Murderclown the Lazy is much more appropriate and much more hilarious
Hey, after a long day of murderin’ it can be tough to motivate one’s clown self to drive down to Autozone.
I spent four years with a woman who wouldn’t get her car serviced at all because the bonnet catch was broken, so she insisted no garage could open it. I found out the wipers didn’t work when she pulled over when it started raining to wait until the rain stopped.
We had many, many arguments.
“Why is it that every time something of yours breaks you expect me to fix it?”
“Because your degree is in engineering and mine is in French and Spanish”
I know, that seems reasonable written down.
It may be I was a terrible partner back then, I never once asked her to translate foreign poetry for me so she could feel needed.
Look, machines just naturally and slowly get more and more broken, and all you can do is keep using them until they stop or you can afford a new one. (For horse folks, the one exception is any repair that can be effected with baling twine and elaborate knots.)

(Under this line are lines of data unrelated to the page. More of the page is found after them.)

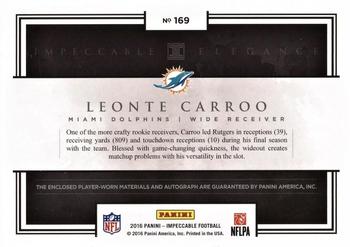 2016 Panini Impeccable - Elegance Rookie Dual NFL Logo Autographs #169 Leonte Carroo Back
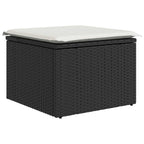 5-tlg. Garten-Sofagarnitur mit Kissen Schwarz Poly Rattan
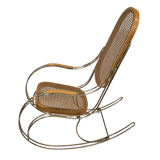Rocking-chair en bois incurvé en laiton vintage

Horse folks repair their animals with baling twine and elaborate knots? I bet that leaves one hell of a scar.
Baling twine is for the machines. For an animal they’ll pay whatever a vet asks, even if that means skipping meals or selling one’s organs.
> I found out the wipers didn’t work when she pulled over when it started raining to wait until the rain stopped.
That’s amazing
“Why won’t the Australian murder clown make rational decisions?” he asked.